Kiplinger’s has ranked Pitt a best value in the state of Pennsylvania for the past 11 years.
Pitt’s ability to attract the most highly qualified students and faculty is underpinned by its work to be prepared for the needs and requirements of excellence. Recent priorities include becoming more data centric, expanding our capacity to partner, and shifting from risk avoidance to smart risk management in many of our policies. Pitt has upgraded several Pittsburgh campus buildings, added new construction, and made renovations, including:
- Sutherland Hall, upgraded with new facilities to benefit student life;
- Improvements to Cathedral of Learning classrooms and infrastructure;
- The new Salk Hall Pavilion addition;
- A new health and wellness center for faculty and staff;
- Renovations on Clapp Hall, Benedum Hall, and David Lawrence Hall to advance a 21st-century education; and
- New construction and renovations at the Pitt-Johnstown campus such as the John P. Murtha Engineering and Science Building.
More than 400 construction, maintenance, and renovation projects were initiated this year on the Pittsburgh campus, including $71 million in renovation projects and $3 million in new construction projects.
Pitt is a great university, and a Pitt education is one of incredible value.

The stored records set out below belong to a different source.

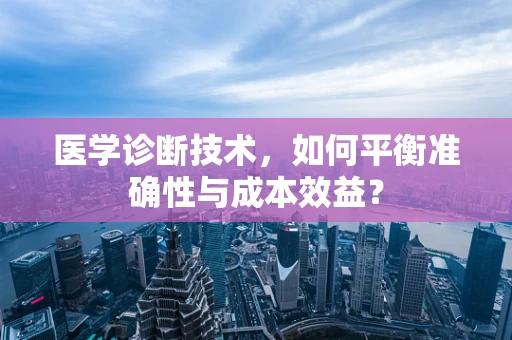 医学诊断技术，如何平衡准确性与成本效益？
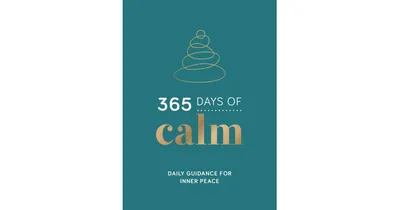 365 Days of Calm: Daily Guidance for Inner Peace by Summersdale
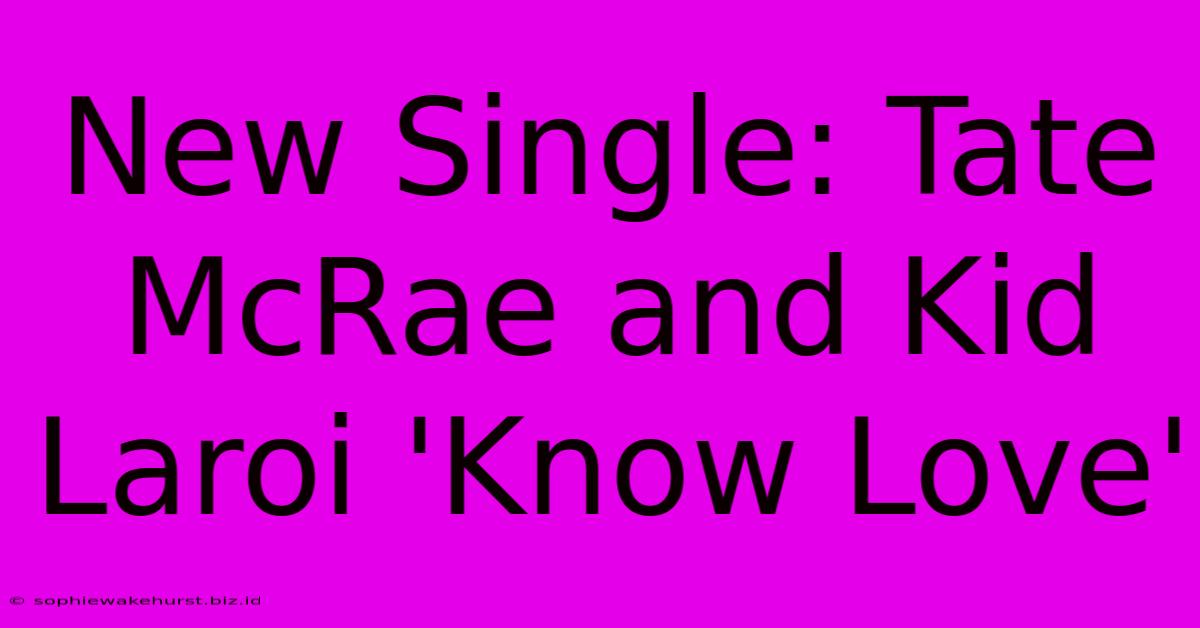 New Single: Tate McRae And Kid Laroi 'Know Love'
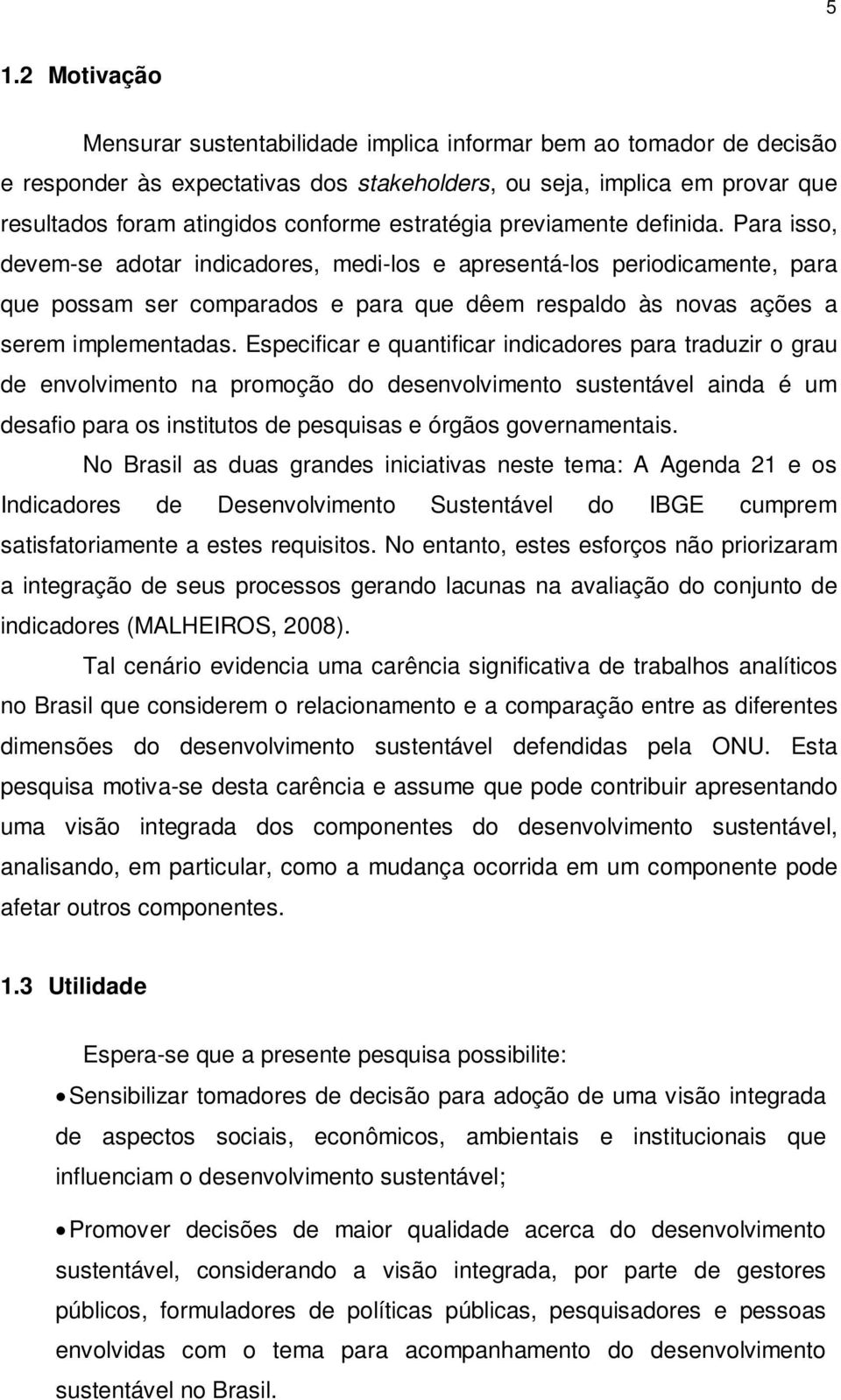 Para isso, devem-se adotar indicadores, medi-los e apresentá-los periodicamente, para que possam ser comparados e para que dêem respaldo às novas ações a serem implementadas.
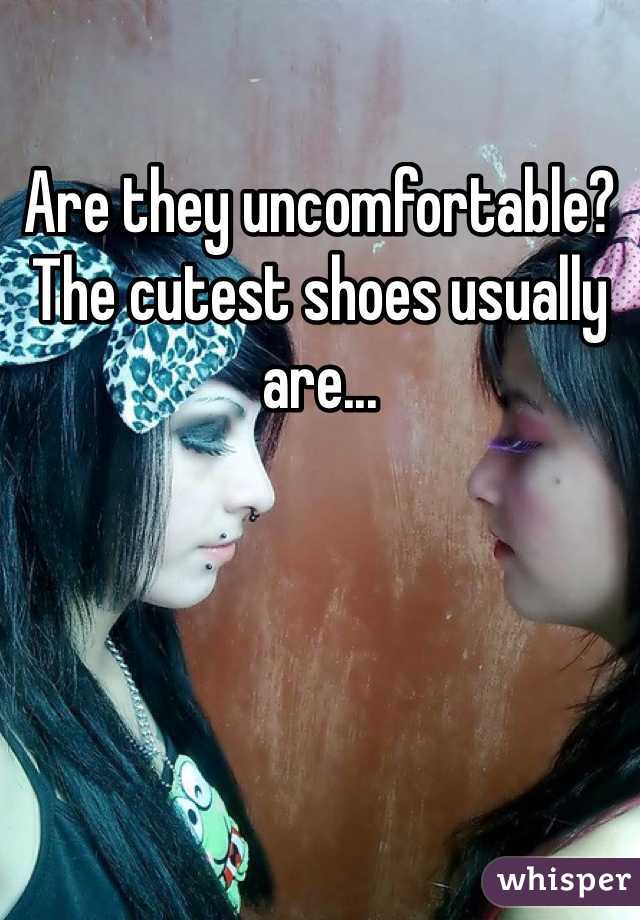 Are they uncomfortable? The cutest shoes usually are...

It pays enormous dividends over a lifetime. But the array of resources required to offer a quality education costs money, and this money comes from a limited number of sources that include the Commonwealth, donors, foundations, research supporters, and, most of all, students and families. This challenge would be easier if it was just about minimizing cost. It isn’t. It’s about maximizing the quality and impact of our programs for a given cost. It’s about maximizing value.
Pitt continually looks for ways to operate more efficiently and at lower cost, such as these cost-cutting actions: reducing annual energy operations costs by $1.4 million dollars; consolidating scientific supplies purchasing, saving the University $5.5 million over the next five years: and, renegotiating smaller scientific supply contracts, saving an estimated $1.4 million over the next five years.

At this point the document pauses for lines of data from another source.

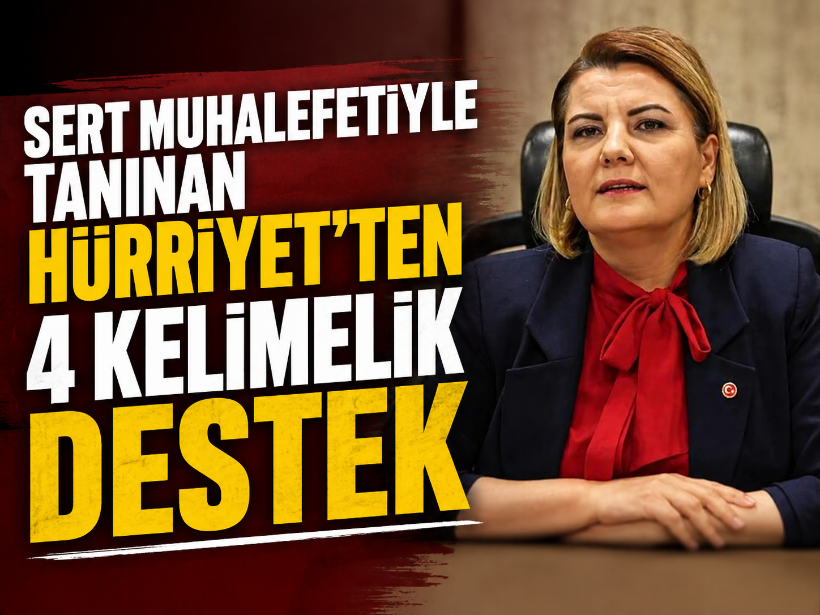 Sert muhalefetiyle tanınan Hürriyet’ten 4 kelimelik destek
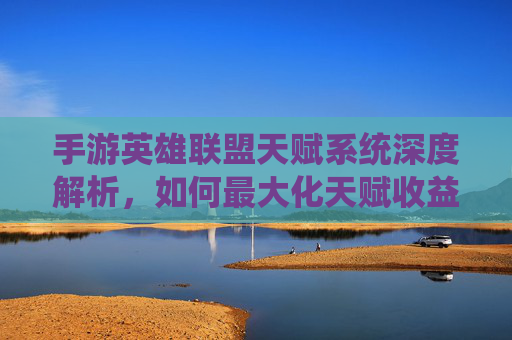 手游英雄联盟天赋系统深度解析,如何最大化天赋收益,提升游戏体验?手游英雄联盟天赋系统深度解析,如何最大化天赋收益,提升游戏体验?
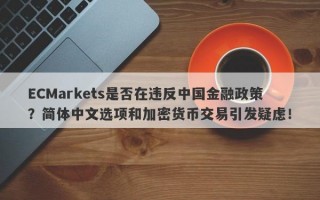 ECMarkets是否在违反中国金融政策？简体中文选项和加密货币交易引发疑虑！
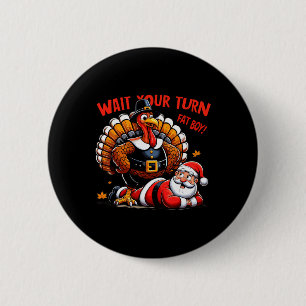 Badge Rond 5 Cm Attends Ton Tour Gros Garçon Turquie Père Noël Fun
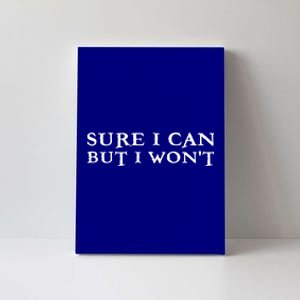 Sure I Can But I Wont For Introverts Cool Gift Canvas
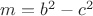 $ m=b^2-c^2$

To broaden access to higher education and to lighten debt burden, Pitt also:
- Became a founding member of the Coalition for Access, Affordability, and Success, a partnership that will connect with and engage high school students—particularly those from low-income households—to help them prepare successful admissions applications;
- Established a micro-scholarship program through Raise.me to give high school students an opportunity to earn money toward Pitt scholarships; and
- Shortened time to graduation with dual degree programs that have shorter tracks to completion; and offered summer programs that give freshmen a jump start or place premed, public health, and business majors on a faster path to a degree.